I hear ya on those points. Lot of different places to spend your money.

I'm not a nick Mankey fan boy and don't even have one but I followed this thread in research.

I've just at the point where I don't get overly concerned when things like this happen from time to time in terms of delays.

But, you're right, def things to consider.

Sent from my SM-G965U using Tapatalk


----------



## austex

Thanks! Appreciate the review.


----------



## agentdaffy007

Orange on my PO39.5


----------



## Tairese7

Anyone who has gotten a strap recently - what was your order number, roughly? I'm in the 2600's, ordered early April, and am still waiting. Not trying to rush him or anything but I wanted a ballpark idea of how much longer I need to wait. Thanks!


----------



## agentdaffy007

My order# is around 2300.



Tairese7 said:


> Anyone who has gotten a strap recently - what was your order number, roughly? I'm in the 2600's, ordered early April, and am still waiting. Not trying to rush him or anything but I wanted a ballpark idea of how much longer I need to wait. Thanks!


----------



## JimmyBoots

Picked one up on the exchange here.

Very comfortable and the design won't scuff up the case back like some natos.

Ordered one the same day with a 8 week lead time. I'll get it when I get it.










Sent from my iPhone using Tapatalk


----------



## Nemo_Sandman




----------



## Shawnny

I’m really disappointed with my orange Apollo strap. I’ve worn it about 10 times, washed it per the instructions once and the printing is almost completely gone. Soon it’ll just be a plain orange strap.


----------



## Shawnny

I’m really disappointed with my orange Apollo strap. I’ve worn it about 10 times, washed it per the instructions once and the printing is almost completely gone. Soon it’ll just be a plain orange strap.


----------



## Tairese7

Order# 26xx, placed Apr 20, arrived just yesterday. Loving it so far.


----------



## WiZARD7

Shawnny said:


> I'm really disappointed with my orange Apollo strap.
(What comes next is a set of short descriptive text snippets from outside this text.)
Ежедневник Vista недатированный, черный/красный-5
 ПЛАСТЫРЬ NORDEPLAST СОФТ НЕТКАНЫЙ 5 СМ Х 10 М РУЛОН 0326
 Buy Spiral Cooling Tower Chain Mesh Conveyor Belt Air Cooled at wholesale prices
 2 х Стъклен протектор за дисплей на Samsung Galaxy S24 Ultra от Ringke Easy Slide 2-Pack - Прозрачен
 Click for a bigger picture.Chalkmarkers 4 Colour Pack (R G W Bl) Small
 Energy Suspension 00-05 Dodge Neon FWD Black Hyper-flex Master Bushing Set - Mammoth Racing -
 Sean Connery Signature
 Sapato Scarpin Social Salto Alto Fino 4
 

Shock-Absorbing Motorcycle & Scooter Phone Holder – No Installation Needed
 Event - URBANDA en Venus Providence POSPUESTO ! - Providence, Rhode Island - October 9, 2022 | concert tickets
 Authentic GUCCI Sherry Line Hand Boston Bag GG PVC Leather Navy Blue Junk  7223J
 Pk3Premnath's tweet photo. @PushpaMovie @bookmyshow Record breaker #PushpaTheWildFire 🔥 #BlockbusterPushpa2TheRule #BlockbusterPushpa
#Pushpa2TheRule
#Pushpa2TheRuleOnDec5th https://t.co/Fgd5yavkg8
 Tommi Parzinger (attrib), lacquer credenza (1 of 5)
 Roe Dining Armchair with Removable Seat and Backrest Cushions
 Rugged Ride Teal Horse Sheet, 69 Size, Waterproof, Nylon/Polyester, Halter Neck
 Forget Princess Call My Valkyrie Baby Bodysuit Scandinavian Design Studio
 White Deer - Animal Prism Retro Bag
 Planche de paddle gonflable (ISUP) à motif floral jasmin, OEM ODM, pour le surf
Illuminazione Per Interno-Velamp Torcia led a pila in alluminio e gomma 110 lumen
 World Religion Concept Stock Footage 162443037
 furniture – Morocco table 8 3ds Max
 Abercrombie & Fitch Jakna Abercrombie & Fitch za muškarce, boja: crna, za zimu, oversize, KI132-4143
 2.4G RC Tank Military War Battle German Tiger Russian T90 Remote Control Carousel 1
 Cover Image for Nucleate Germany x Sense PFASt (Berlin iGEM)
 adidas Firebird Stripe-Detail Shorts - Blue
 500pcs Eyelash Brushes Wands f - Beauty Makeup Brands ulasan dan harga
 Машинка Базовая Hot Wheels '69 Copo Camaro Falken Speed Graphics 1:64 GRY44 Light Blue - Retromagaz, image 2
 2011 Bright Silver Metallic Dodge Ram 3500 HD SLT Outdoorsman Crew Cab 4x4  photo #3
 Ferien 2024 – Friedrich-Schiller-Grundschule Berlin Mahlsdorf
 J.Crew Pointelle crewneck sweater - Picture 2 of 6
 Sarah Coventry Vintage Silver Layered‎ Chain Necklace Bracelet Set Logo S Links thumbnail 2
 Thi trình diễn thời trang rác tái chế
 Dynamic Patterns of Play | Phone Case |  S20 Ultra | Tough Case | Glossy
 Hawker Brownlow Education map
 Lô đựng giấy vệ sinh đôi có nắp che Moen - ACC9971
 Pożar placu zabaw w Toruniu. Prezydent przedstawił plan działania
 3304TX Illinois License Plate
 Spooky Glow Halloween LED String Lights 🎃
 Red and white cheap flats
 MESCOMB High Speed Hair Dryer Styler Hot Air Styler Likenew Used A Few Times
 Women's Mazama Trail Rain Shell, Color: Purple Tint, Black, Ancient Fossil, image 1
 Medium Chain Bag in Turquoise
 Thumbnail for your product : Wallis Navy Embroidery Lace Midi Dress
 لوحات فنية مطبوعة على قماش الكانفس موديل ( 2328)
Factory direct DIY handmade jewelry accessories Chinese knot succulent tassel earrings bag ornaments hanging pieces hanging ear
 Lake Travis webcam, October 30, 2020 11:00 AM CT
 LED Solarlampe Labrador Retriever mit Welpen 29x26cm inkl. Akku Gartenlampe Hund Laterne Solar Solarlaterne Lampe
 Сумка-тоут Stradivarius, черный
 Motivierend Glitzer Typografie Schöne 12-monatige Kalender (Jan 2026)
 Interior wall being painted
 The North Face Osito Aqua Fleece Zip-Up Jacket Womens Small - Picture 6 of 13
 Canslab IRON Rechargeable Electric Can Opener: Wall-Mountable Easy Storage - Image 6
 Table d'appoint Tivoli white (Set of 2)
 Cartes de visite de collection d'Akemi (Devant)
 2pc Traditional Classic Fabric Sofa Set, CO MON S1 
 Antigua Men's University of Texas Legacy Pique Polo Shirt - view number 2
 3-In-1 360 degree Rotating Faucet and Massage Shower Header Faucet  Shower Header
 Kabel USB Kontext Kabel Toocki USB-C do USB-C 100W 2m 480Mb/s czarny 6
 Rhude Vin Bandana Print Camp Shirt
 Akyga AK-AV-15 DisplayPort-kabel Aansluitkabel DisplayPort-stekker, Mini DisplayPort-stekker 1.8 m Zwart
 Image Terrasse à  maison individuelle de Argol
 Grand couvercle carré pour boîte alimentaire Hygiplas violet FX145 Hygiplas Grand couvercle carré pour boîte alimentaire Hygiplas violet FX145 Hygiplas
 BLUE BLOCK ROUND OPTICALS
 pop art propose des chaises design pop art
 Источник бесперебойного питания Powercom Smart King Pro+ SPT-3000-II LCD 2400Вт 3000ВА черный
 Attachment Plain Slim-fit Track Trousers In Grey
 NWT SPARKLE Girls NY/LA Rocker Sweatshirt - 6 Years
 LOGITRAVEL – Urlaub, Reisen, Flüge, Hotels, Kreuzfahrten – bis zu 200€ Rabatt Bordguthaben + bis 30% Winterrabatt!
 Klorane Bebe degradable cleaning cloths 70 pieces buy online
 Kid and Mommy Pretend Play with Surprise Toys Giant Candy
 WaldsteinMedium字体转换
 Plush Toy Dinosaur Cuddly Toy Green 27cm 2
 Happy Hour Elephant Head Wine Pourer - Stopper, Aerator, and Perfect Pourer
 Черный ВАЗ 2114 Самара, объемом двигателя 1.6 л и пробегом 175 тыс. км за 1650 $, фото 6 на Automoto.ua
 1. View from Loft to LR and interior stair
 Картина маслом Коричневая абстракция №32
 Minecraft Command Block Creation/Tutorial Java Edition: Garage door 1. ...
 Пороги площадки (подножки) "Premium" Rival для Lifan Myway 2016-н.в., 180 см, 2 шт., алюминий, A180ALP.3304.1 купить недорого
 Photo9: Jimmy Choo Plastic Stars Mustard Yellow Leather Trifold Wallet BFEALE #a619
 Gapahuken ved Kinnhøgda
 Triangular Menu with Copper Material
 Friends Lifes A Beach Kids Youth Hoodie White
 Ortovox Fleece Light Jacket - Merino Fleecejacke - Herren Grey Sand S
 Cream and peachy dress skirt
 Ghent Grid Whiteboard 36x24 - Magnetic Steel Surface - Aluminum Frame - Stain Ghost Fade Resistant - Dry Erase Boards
I've worn it about 10 times, washed it per the instructions once and the printing is almost completely gone. Soon it'll just be a plain orange strap.



I'm still waiting for mine (ordered on 10th March :O)


----------



## Iron swan

2-3 month wait time for an elastic watch strap? Does he just do this on the side or something? 
Even in Covid times, these are something that can be made at home. I’d be taking my sewing machine home and cranking them out around the clock. 
Maybe he just doesn’t like money. 🤷‍♂️


----------



## Iron swan

WiZARD7 said:


> I'm still waiting for mine (ordered on 10th March :O)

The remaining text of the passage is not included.